Es peor el remedio...

Francy Cifuentes, lectora de SEMANA.COM, resalta los problemas que tienen que enfrentar las mujeres que salen de sus países para huir de la pobreza o la violencia.

Francy Cifuentes Gutiérrez
23 de enero de 2005

La Organización Internacional de Migraciones ha estimado un número aproximado de 175 millones de migrantes en el mundo. De quienes han cruzado fronteras, casi la mitad son mujeres. Nuestro país se ha caracterizado en los últimos años como una nación de migrantes y actualmente cerca de cinco millones de compatriotas se han establecido en otros estados. Causas económicas, oportunidades de trabajo o estudio, persecución política o social, han animado a estos colombianos a incorporarse a una nueva colectividad, en un lugar distinto al nuestro. Sumado a este flujo humano que se agudizó hace algunos años, se dio el 11 de septiembre, fecha que etiquetó la condición de extranjero con un aire de sospecha y que desencadenó a su vez limitaciones que se hacen con el tiempo más obvias.

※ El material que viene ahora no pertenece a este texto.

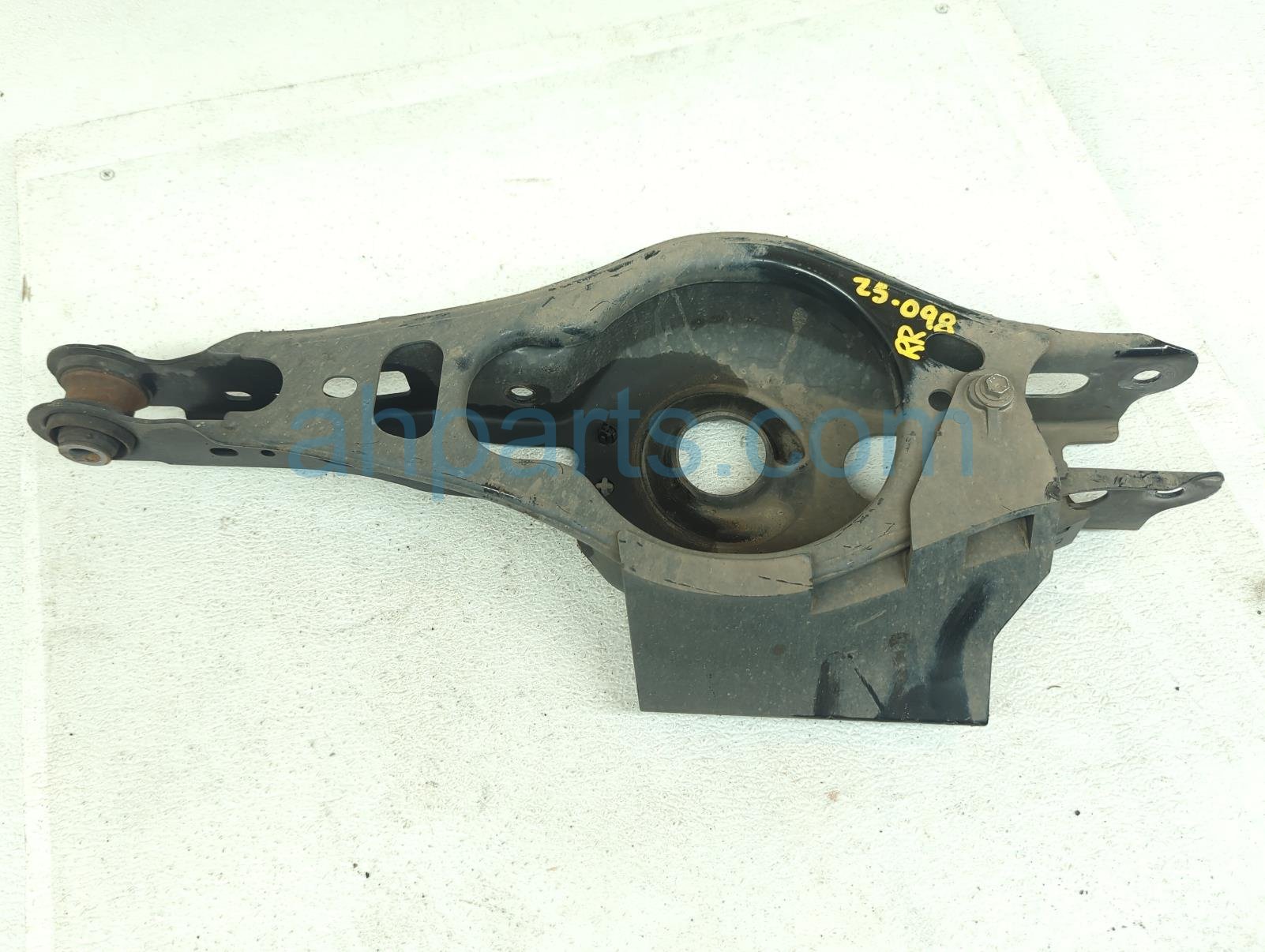 $100 Toyota RR/RH SPRING SEAT CONTROL ARM $100 Toyota RR/RH SPRING SEAT CONTROL ARM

Las legislaciones, en aras de proteger la soberanía y seguridad nacional han establecido restricciones a los no nacionales. Asuntos como el acceso a la educación pública y privada, cargos profesionales, libertad sindical, préstamos para vivienda, licencias de conducir, entre otros supuestos - relevantes en la constitución de una calidad de vida óptima para el ciudadano común- incluyen practicas discriminatorias que son señaladas como abominables por los gobiernos, ante la comunidad internacional, pero resultan ser abiertamente patrocinadas por sus ordenamientos jurídicos. A la calidad de migrante se adiciona entonces un evidente grado de vulnerabilidad.

La mujer migrante, en particular, no sólo se expone al trato diferencial en razón de su género, sino que en latitudes distintas a las de su origen es objeto además de manifestaciones visibles o "simuladas" de xenofobia, hostigamiento sexual y laboral, y en el peor de los casos, se convierte en la cifra invisible de las estadísticas de féminas víctimas de violencia doméstica. De hecho, la impotencia para las mujeres migrantes indocumentadas es mayor, al no poder ejercer las acciones correspondientes para obtener justicia, y protegerse de sus agresores; porque en teoría, aún cuando el estatus migratorio no agrega o reduce la dignidad de un ser humano y la correspondiente garantía de sus derechos fundamentales, pareciere ser que en la practica éstas disposiciones se han convertido en letra muerta. El temor no sólo a las represalias que pueda desencadenar por parte del agresor la interposición de la denuncia sino el eventual chantaje incluso por parte de las autoridades- o miedo a ser deportadas, se constituye en un factor trascendente en el instante en el que la mujer agredida prefiere guardar silencio.

Es el inviolable derecho a la vida, el principio inquebrantable sobre el que deben descansar los efectos de aquellas medidas que limitan el ejercicio de los derechos de los extranjeros con el fin de proteger la integridad física y emocional de hombres y especialmente de las mujeres que son abusadas por sus compañeros.

Es innegable que los países deben proteger sus fronteras, es ciertamente veraz que los sistemas de seguridad social - en términos de salud y pensiones- empleo, educación, e incluso de espacio urbano difícilmente sobreviven ante una sobrepoblación. Pero temas como el menoscabo físico, psicológico, sexual y patrimonial de la mujer ejercido por parejas o padres no deben ser considerados como asuntos familiares, tratados a puerta cerrada y sobre los cuales las autoridades no deben tener competencia.

Es necesario un sentido de inmunidad o espacio en blanco en la norma que de no otorgar igualdad de derechos a los nacionales, o a aquellos extranjeros que se encuentran legalizados, con respecto a los irregulares debe permitirles el acceso a los tribunales en situaciones en las que peligre su vida, sin que el horror que las acecha también se extienda hacia los representantes estatales. La naturaleza humana debe despertar la solidaridad y sentido de justicia de las leyes, que es finalmente el propósito para el cual establecemos límites a nuestra libertad y cedemos nuestro albedrío en pro del bien común, sin importar el origen nacional o estatus migratorio de quienes al fin y al cabo, comparten un mismo territorio.